Jayd Bun was born in late 2019. The menu is inspired by the home cooking and street food Annie grew up eating in Tianjin, which is about a two-hour drive south of Beijing. Annie makes all of the restaurant’s dishes, including noodles and buns, from scratch on a daily basis. Joe also assists with cooking, often doing prep work and making house sauces.
With each dish made to order by the two of them, they emphasize that their offerings – currently available as take-out only at the South Kingstown base – are not fast food. Customers are encouraged to order an hour or more ahead. “We only make a certain amount a day, so when it’s gone, it’s gone,” Joe says.
Popular menu items include the Rice Porridge Congee, with ginger and chicken; Scallion Pancake; and Ja Jen Men Noodle Dish, with minced pork and vegetables. There are several other noodle options, including chilled noodles with peanut butter sauce and Spicy Yo Po Noodle, topped with bok choy and a fried egg.
In keeping with the restaurant’s name, Jayd Bun is also known for its buns, made with yeasted dough and available filled with chicken, pork, or vegetables. They are pan fried, which results in simultaneously crispy and soft exterior.

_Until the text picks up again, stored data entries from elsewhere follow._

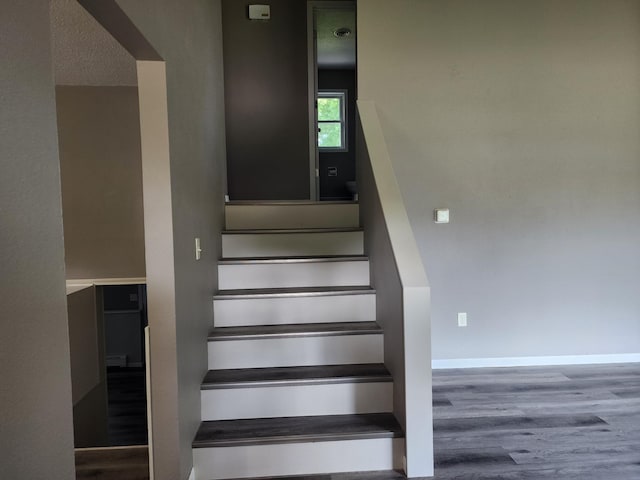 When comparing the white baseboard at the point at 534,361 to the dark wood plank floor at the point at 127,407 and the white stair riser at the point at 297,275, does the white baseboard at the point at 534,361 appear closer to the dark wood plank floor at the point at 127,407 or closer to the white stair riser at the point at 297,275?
the white stair riser at the point at 297,275

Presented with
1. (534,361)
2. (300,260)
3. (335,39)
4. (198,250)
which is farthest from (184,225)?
(335,39)

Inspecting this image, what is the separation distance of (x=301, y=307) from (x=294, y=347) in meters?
0.29

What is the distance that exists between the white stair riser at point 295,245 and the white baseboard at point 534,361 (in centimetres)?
122

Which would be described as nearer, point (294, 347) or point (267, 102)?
point (294, 347)

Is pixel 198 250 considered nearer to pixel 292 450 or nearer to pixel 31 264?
pixel 292 450

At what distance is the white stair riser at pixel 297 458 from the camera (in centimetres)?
213

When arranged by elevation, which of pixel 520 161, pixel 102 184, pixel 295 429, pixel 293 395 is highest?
pixel 520 161

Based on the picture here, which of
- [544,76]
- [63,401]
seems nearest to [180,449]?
[63,401]

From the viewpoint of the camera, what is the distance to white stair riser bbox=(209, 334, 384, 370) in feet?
8.40

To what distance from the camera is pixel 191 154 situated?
224cm

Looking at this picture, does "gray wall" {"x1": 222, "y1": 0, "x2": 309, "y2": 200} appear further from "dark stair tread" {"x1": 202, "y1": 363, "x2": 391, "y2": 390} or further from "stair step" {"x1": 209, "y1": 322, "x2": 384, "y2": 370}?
"dark stair tread" {"x1": 202, "y1": 363, "x2": 391, "y2": 390}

Annie points out that none of the food is deep fried, and she’s careful to use minimal oil in her dishes. “I want to show people that Chinese food can be healthy,” she says.

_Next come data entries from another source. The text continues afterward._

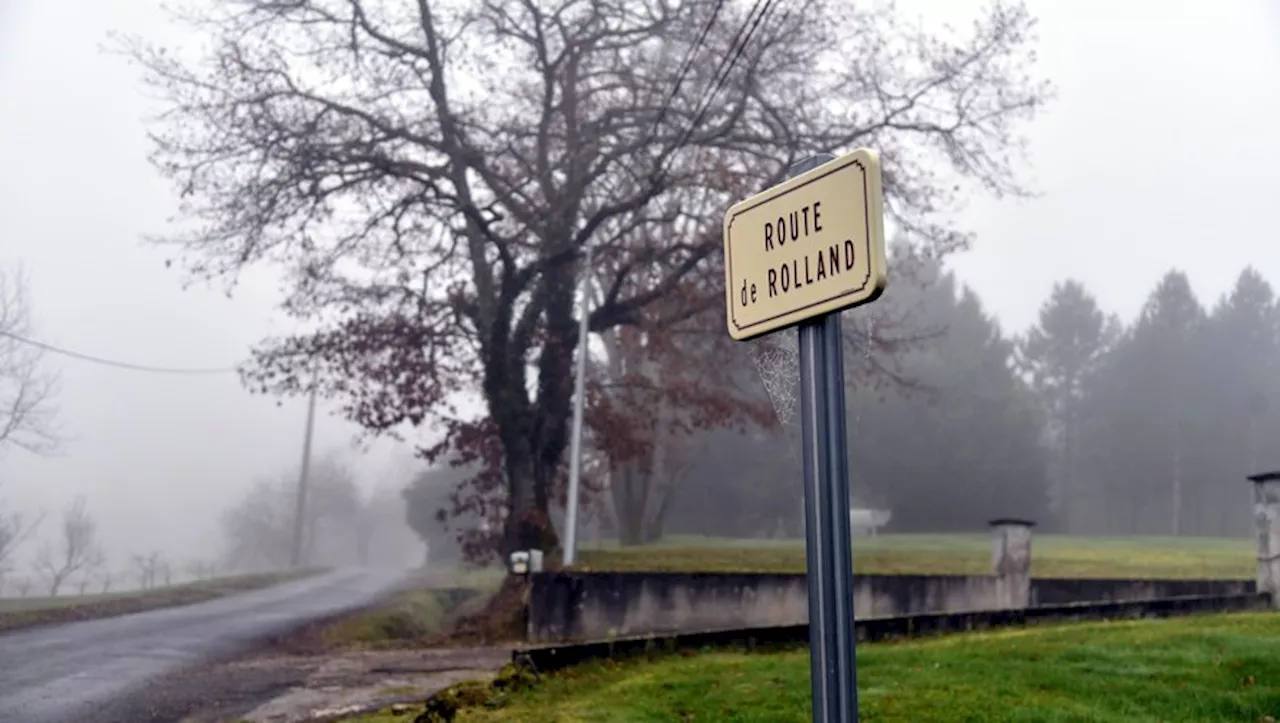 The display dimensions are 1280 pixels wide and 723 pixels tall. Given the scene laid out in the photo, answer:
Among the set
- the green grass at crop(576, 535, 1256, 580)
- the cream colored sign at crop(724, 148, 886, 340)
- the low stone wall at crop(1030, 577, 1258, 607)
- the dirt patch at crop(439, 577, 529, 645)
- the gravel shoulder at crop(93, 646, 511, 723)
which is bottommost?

While the couple says they are happy with their success so far, they haven’t gone without challenges. They opened the restaurant soon before the COVID pandemic started, and they are also juggling running the business with little outside help while also caring for their newborn daughter.
“It’s hard work, but the customers make it worth it,” Annie says. “When people tell me they love my food, sometimes I get so happy that I cry.”